The Gaps in The Fence – Addressing Your TPRM Programme’s Blind Spots
by Nick Swallow
There are gaps in your Third Party Risk Management (TPRM) defences.
You may have updated your policies and procedures, listened carefully to the regulators, put tools and technologies in place, trained SMEs and marshalled your suppliers but there are still gaps in your TPRM defences.
An industry focus in the last few years has rightfully been on the content of assessments and the technologies which facilitate them, but there have been fewer conversations around ensuring that ‘fringe risks’ are addressed. The effectiveness of a world class TPRM program can still be undermined by the unaddressed risks which slip through the net.
The Scope of Third Parties
When you talk about this subject are you using the words ‘vendors’ and ‘suppliers’ rather than ‘third parties’? This shift in thinking represents a fundamental question we should all be discussing – what is a ‘third party’ and who should we be assessing?

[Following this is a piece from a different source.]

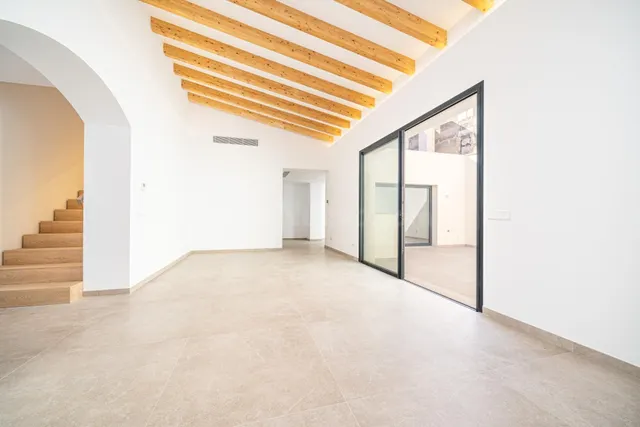 Obra nueva con Piscina recien terminada - foto 2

Traditional suppliers, distributors, partnerships, alliances and intra-company relationships can all pose significant risks but often companies are not able to demonstrate that they have applied proportionate risk assessment to all their relationships.
In 2018 Yahoo! UK was fined £250,000 by the ICO for a third party breach of customer data, but that third party was their own USA division – Yahoo! Inc. Would your processes have considered a relationship like this to be in scope of your TPRM processes?

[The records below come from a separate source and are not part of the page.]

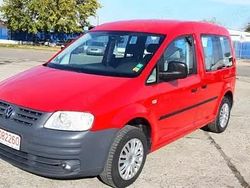 Rosu Utilizat 2010 VW Caddy Life Monovolum | 4.400 EUR (Preț OK)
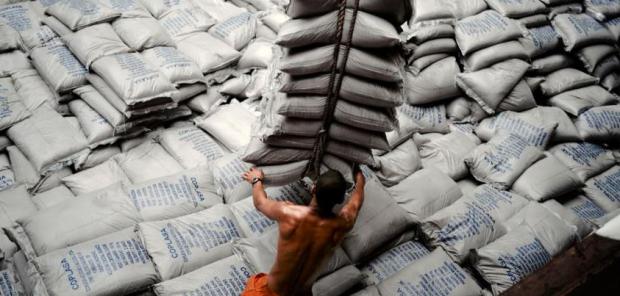 Allan Sekula, Working (Santos), 2010, C-Print, 101,6 x 149,9 cm © Allan Sekula.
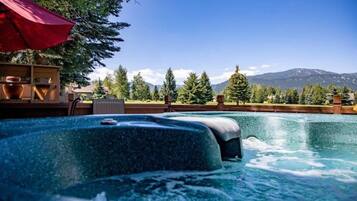 Bain à remous extérieur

Other breaches occur where a third party was assessed appropriately at on-boarding, but three years down the road they are offering very different services in a very different threat landscape and the original assessment is no longer valid. Establishing a required frequency of review along with continuous monitoring can help ensure no perennial relationships evade assessment.
Triggers and Compliance
So let’s say we update the policies and procedures to make it clear what a third party is, and what assessment processes are required – how do we know they are being followed? Poor process compliance, rogue departments and time pressures can all result in working with third parties without completing an appropriate risk assessment.

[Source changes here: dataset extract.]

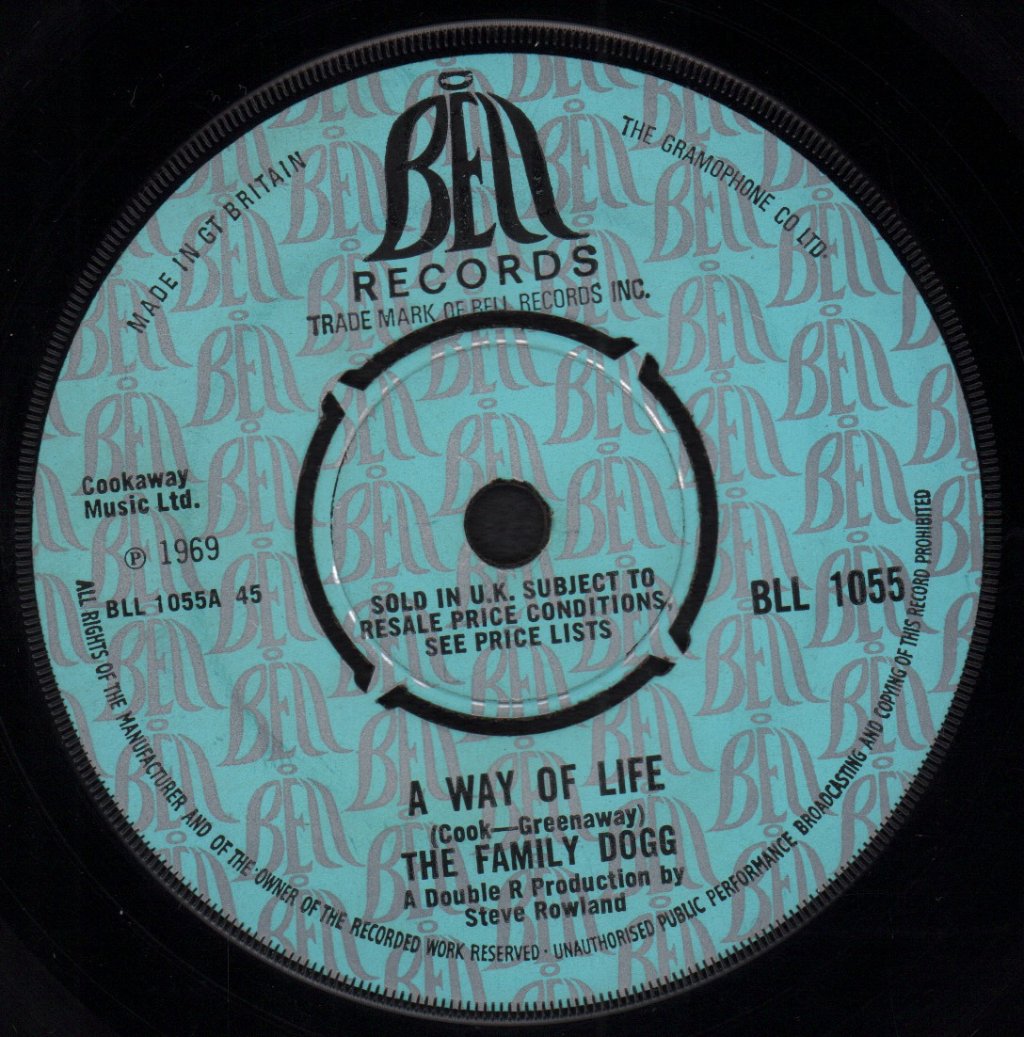 Family Dogg - A Way Of Life - 7 Inch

While a fully workflow driven process can ensure compliance, for many organisations deploying a full TPRM platform is not a feasible route. In these scenarios, manual triggers and checks will need to be built into the process flow. Contract Request forms are a great place to add a process trigger, but think carefully about any third party relationships that might not start via this form. The contracting process is also a great place to put checks in place – a simple tickbox for that team to confirm they’ve seen a completed risk report and are happy to proceed.
A “Commensurate” Response
By widening the scope of your TPRM programme, you may be concerned about the impending workload, but with an appropriate methodology many departments find they are simply refocussing their efforts to where they are most needed. This methodology will guide your practitioners to where deeper levels of due diligence is required – and where less is required. This is where we start considering what level of due diligence is proportionate (or as the regulators prefer, “commensurate”) to the level of risk identified. A phrase I’ve heard is “widen the hopper, narrow the funnel”.
While I won’t cover the core TPRM process and the different approaches in this blog, I will highlight that a system driven automated review of the commodity code will often establish that the proportionate response is to simply allow the business to proceed.